PROBLEM DETAILS
Transcribe the following entries word for word; no picture is to appear in the copy.

Records from a dataset:
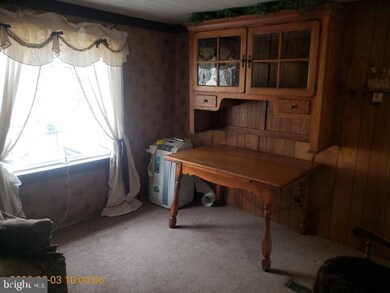 38 Lake Dr, Ashland, PA 17921 - photo 5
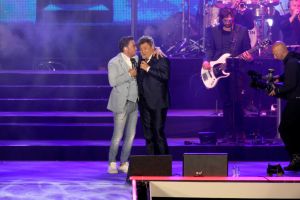 08-06-2019 SHOWBIZZ; TINO MARTIN IN HET OLYMPISCH STADION AMSTERDAM. Tino verraste de 28000 fans met een geweldig programma vol met mooie muziek.Rene Froger-Trijntje Oosterhuis en Glen Faria waren zijn gasten-vrienden die deze avond tot een succes maakte. Tino Martin was groots het een zeer grote G. Zijn fans waren uitbundig en de sfeer in het prachtige  stadion was een en al gezelligheid.
foto: Albert den Iseger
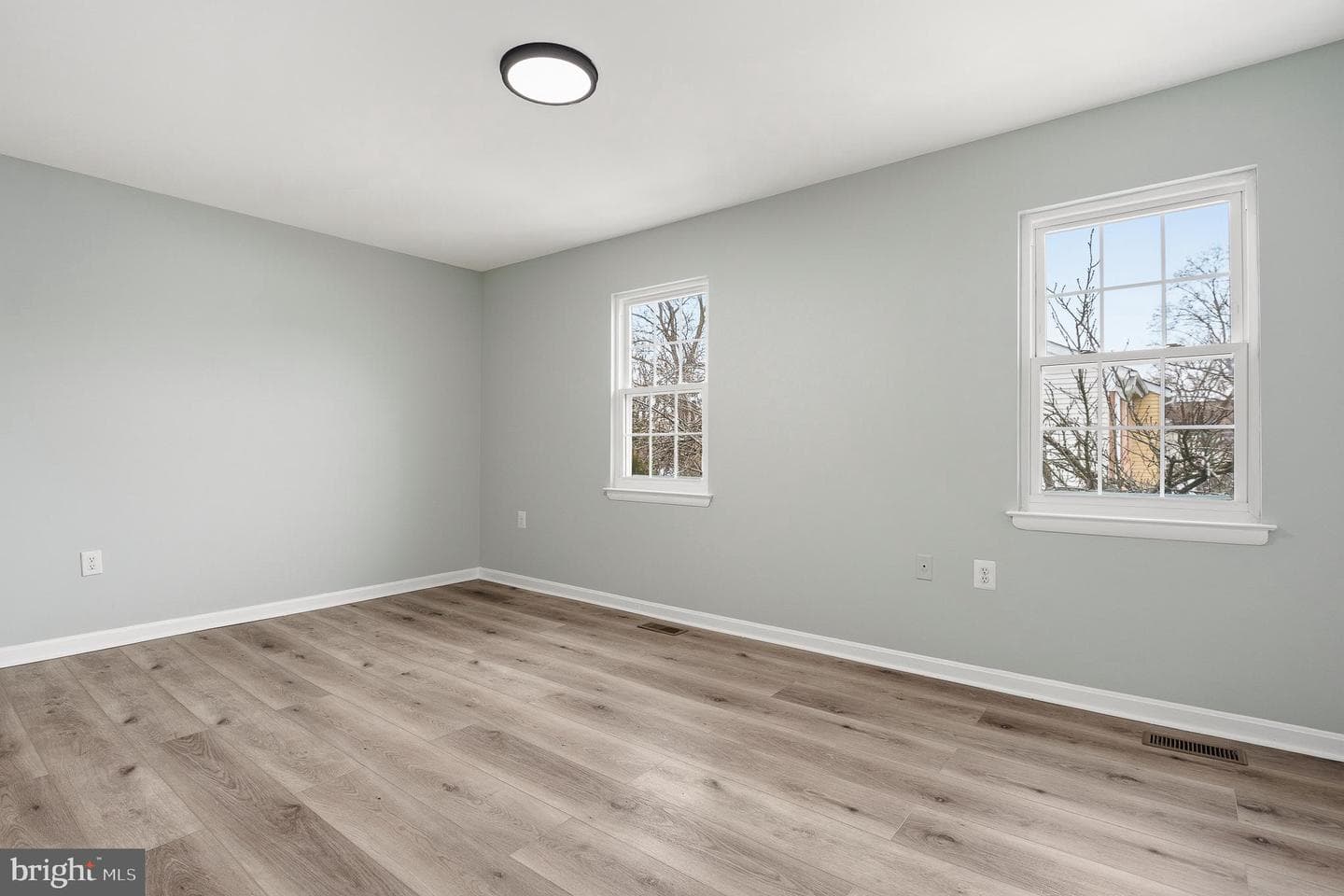 15743 Millbrook Lane #72 photo 30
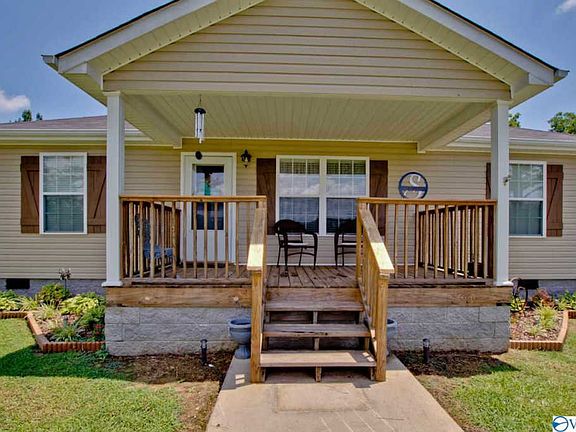 3rd image of 251 Dudley Ln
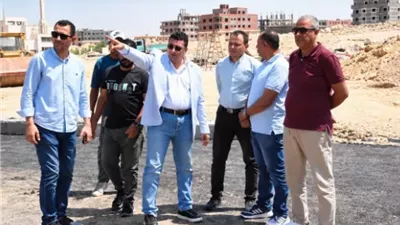 رئيس جهاز القاهرة الجديدة يتفقد أعمال الطرق والكهرباء ببيت الوطن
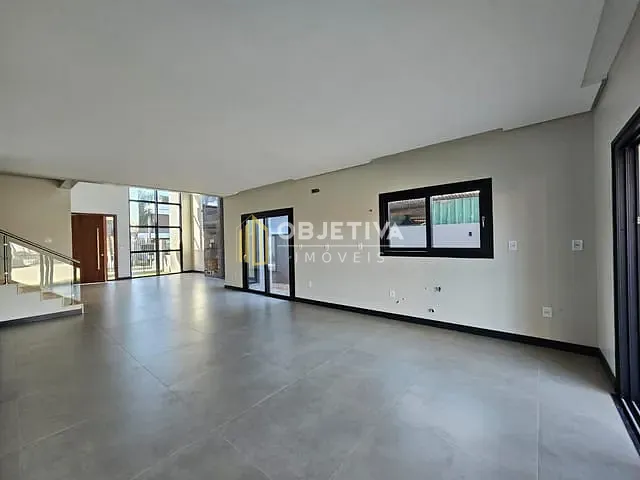 Casa com 336m² 4 quartos e 5 banheiros, à venda, no bairro Jardim Mauá em Novo Hamburgo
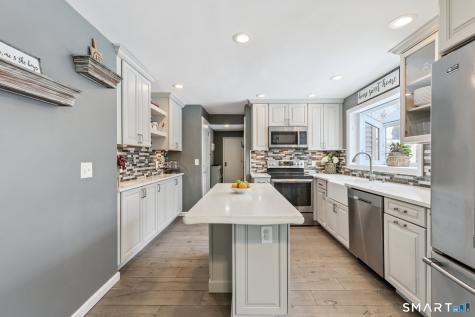 187 Middle River Road Danbury CT 06811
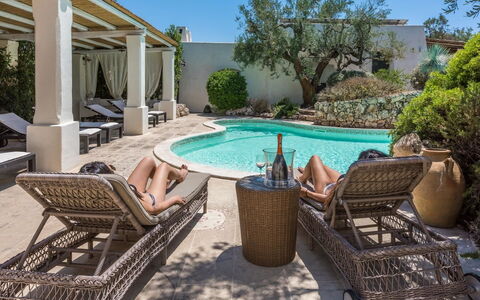 Salento Luxury Retreat: Vand, Plante, Svømmepøl, Azure, Himmel, Udendørs Møbler, Indretning, Fritid, Træ, Boligområde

WRITTEN SOLUTION
 38 Lake Dr, Ashland, PA 17921 - photo 5
 08-06-2019 SHOWBIZZ; TINO MARTIN IN HET OLYMPISCH STADION AMSTERDAM. Tino verraste de 28000 fans met een geweldig programma vol met mooie muziek.Rene Froger-Trijntje Oosterhuis en Glen Faria waren zijn gasten-vrienden die deze avond tot een succes maakte. Tino Martin was groots het een zeer grote G. Zijn fans waren uitbundig en de sfeer in het prachtige  stadion was een en al gezelligheid.
foto: Albert den Iseger
 15743 Millbrook Lane #72 photo 30
 3rd image of 251 Dudley Ln
 رئيس جهاز القاهرة الجديدة يتفقد أعمال الطرق والكهرباء ببيت الوطن
 Casa com 336m² 4 quartos e 5 banheiros, à venda, no bairro Jardim Mauá em Novo Hamburgo
 187 Middle River Road Danbury CT 06811
 Salento Luxury Retreat: Vand, Plante, Svømmepøl, Azure, Himmel, Udendørs Møbler, Indretning, Fritid, Træ, Boligområde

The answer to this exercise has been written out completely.